Bastou uma noite. Dez horas, segundo a lenda, de discussões apaixonadas. Frente a frente. Olhos nos olhos. Che conta sobre a Guatemala e as suas indignações fundamentais; Fidel apresenta-lhe Cuba e a sua luta final. O argentino fica imediatamente impressionado por esse "homem excepcional". Castro vê um ideólogo convicto, radical, sem limites, de uma integridade fora do comum, quase cruel. Che quer mudar o mundo, Fidel propõe começar pelo seu país. É um amor à primeira vista revolucionário. Cada um encontra o que procura. O primeiro paira num romantismo desmedido que sonha em aterrar. O segundo tem os pés bem assentes num pragmatismo astuto, e sonha com inspiração para finalmente se erguer. 

Ao amanhecer, Fidel junta-se aos seus: "Camaradas, está feito: encontrei um médico para a nossa expedição." A guerrilha começa ali, no dia seguinte a essa noite febril, nas campanhas mexicanas até ao final de 1956. O Movimento 26 de Julho treina no manejo de armas. A travessia está a ser preparada. Fidel faz viagens de ida e volta aos Estados Unidos para angariar fundos, preparar o Granma, o barco que comprou e que deve navegar até Cuba. De volta ao acampamento, é um irmão mais velho impressionado pela abnegação e resistência do seu recruta argentino. O médico já é um soldado exemplar, tão determinado quanto as suas ideias são firmes. O seu movimento preocupa a polícia mexicana que os prende. 

Fidel e Che encontram-se na mesma cela, condenados a ruminar os seus planos para derrubar Batista, libertar a ilha das Caraíbas, talvez até salvar o mundo. As suas ideias escapam-se entre as paredes sujas de uma sala ladrilhada, sentados em simples camas de ferro. O cubano é libertado primeiro, considerado menos perigoso ideologicamente. Quando veste o casaco do seu fato demasiado largo, Guevara, de tronco nu e cinto desapertado, diz-lhe para não o esperar para zarpar. O outro vira-se: "Não te abandonarei."

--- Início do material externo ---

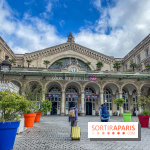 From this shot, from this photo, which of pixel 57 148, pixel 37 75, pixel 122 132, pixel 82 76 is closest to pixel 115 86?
pixel 82 76

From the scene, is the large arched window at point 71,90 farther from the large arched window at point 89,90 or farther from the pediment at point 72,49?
the pediment at point 72,49

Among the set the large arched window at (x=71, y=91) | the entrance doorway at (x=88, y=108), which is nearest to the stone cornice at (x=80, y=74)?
the large arched window at (x=71, y=91)

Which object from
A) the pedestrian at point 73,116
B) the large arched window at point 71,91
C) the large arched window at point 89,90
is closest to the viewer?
the pedestrian at point 73,116

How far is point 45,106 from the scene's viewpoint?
56.7ft

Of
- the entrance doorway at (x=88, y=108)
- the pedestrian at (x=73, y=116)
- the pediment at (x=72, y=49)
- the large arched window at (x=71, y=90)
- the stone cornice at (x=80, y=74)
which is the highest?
the pediment at (x=72, y=49)

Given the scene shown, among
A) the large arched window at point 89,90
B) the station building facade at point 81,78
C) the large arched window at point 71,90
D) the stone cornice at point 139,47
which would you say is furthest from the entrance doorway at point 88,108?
the stone cornice at point 139,47

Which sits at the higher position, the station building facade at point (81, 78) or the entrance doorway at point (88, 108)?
the station building facade at point (81, 78)

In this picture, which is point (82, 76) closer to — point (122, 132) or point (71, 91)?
point (71, 91)

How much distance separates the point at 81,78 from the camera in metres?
29.8

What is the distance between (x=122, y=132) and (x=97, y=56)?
3213cm

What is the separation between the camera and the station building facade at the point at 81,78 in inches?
1137

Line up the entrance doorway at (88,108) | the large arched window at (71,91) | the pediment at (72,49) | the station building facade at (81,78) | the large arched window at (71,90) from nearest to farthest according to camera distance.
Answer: the station building facade at (81,78) < the large arched window at (71,91) < the entrance doorway at (88,108) < the large arched window at (71,90) < the pediment at (72,49)

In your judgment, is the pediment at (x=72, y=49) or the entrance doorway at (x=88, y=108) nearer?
the entrance doorway at (x=88, y=108)

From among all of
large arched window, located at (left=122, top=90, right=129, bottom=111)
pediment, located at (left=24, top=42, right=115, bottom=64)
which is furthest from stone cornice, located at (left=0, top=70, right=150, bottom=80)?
pediment, located at (left=24, top=42, right=115, bottom=64)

PRIMEIRAS DESAVENÇAS DISCRETAS

O resto é mais conhecido, todo de fardas caqui e rostos barbudos. Primeiro há o naufrágio, no sul de Cuba, numa noite de dezembro de 1956. A lenta progressão nos pântanos onde assobiam as balas dos homens de Batista. Ali, Che teria finalizado a sua vocação de guerreiro. Perdendo um camarada, forçado a escolher entre uma caixa de medicamentos e outra de munições. O juramento de Hipócrates ficou preso na lama. Depois começa a lenda da Sierra Maestra: a de um grupo dizimado de uma dezena de homens que vai, em breve, reunir todos os oprimidos pelo capitalismo selvagem imposto por um ditador militar. 

A aparência atraente desses revolucionários hirsutos fará o resto. Fidel e Che acima de todos os outros. Um, tribuno e carismático, transpira autoridade. O outro, impávido e exemplar, impressiona pela sua intransigência. Ernesto Guevara está em todas as ações, em todas as operações. Inflige ao exército de Batista operações cirúrgicas, dolorosas, eficazes. Também cuida dos camponeses, instrui os novos recrutas. Castro nomeia-o segundo: Che torna-se comandante. Enquanto isso, Fidel ocupa a frente mediática, multiplica as entrevistas clandestinas na Sierra, atraindo novos guerrilheiros. É também aí que surgem as primeiras dúvidas, as primeiras desavenças discretas. Para tranquilizar os liberais, e sobretudo os americanos, o chefe da guerrilha jura em plena Guerra Fria não ter nada a ver com o comunismo. A Che, que fica indignado, promete o contrário. A dúvida persiste, mas Ernesto Guevara permanece fiel.

É mesmo ele quem vai ganhar a batalha decisiva de Santa Clara, no final de dezembro de 1958. O último golpe no regime que vê o seu ditador fugir, deixando os casinos de Havana e os turistas americanos assustados. A rota para a capital está aberta, os barbudos entram lá a 1 de janeiro, mas Che fica para trás para não roubar o protagonismo ao grande Fidel: este acaba de proclamar o triunfo da revolução num discurso em Santiago, que designa como nova capital. Só entra em Havana a 8 de janeiro com o nativo de Rosario. O desafio do poder vai abalar a amizade entre os dois homens. Primeiro ministro da Defesa, Fidel torna-se rapidamente primeiro-ministro e envia Che ao cadafalso, como carrasco. Será encarregado de julgar, rapidamente, os traidores de Batista que são executados em série. O argentino detém o apelido de "pequeno açougueiro de La Cabaña" porque não treme, tal como na floresta quando era necessário punir desertores reais ou supostos. Nada pode impedir a causa. E esta impõe, por vezes, decisões "difíceis". Ou melhor, desumanas.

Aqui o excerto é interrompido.